• _EXERCISE BRIEF_: When the line with "Seventh question: By" turns up below, begin repeating exactly, and carry on through the line with "I hope you all"; no pictures go into the copy.

• _PROVIDED ENTRIES_:
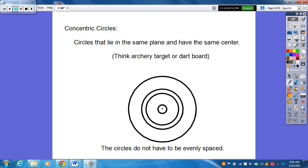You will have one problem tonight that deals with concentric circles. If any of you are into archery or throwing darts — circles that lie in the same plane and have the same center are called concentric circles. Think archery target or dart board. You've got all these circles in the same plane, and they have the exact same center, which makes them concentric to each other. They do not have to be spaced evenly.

...

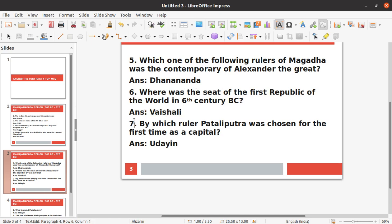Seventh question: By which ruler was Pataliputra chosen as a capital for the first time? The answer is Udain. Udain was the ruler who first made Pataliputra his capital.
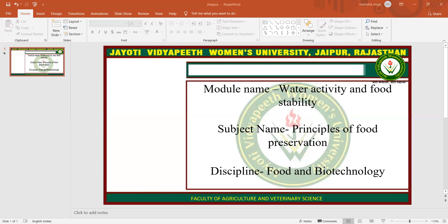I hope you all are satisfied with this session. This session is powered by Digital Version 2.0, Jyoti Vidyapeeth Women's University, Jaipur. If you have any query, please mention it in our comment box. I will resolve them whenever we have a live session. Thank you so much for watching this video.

--

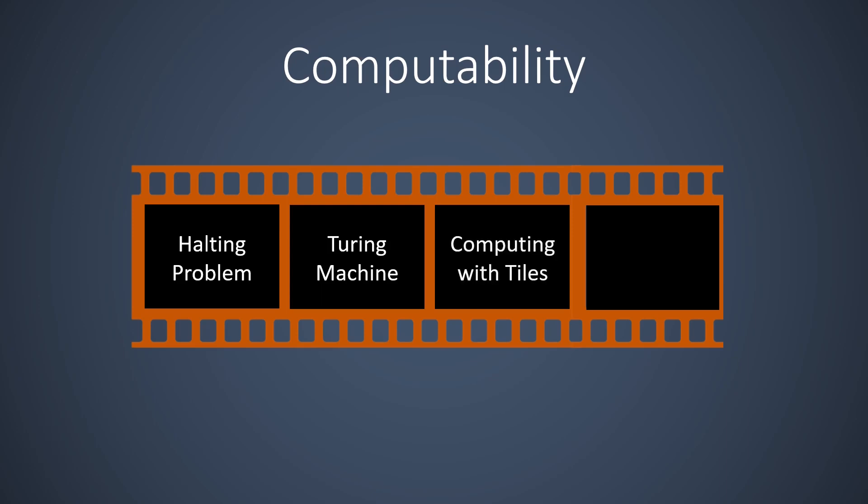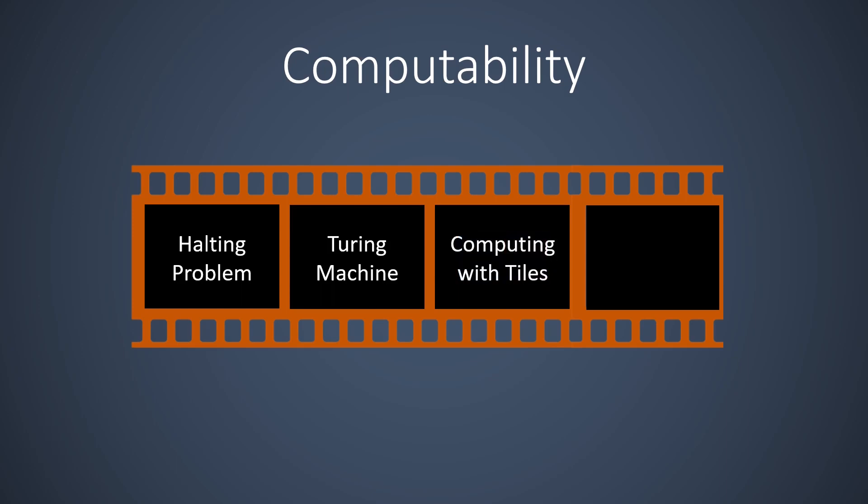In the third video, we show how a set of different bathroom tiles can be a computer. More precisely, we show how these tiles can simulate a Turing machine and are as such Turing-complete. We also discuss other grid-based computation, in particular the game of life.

• _TASK OUTPUT_:
Seventh question: By which ruler was Pataliputra chosen as a capital for the first time? The answer is Udain. Udain was the ruler who first made Pataliputra his capital.
I hope you all are satisfied with this session. This session is powered by Digital Version 2.0, Jyoti Vidyapeeth Women's University, Jaipur. If you have any query, please mention it in our comment box. I will resolve them whenever we have a live session. Thank you so much for watching this video.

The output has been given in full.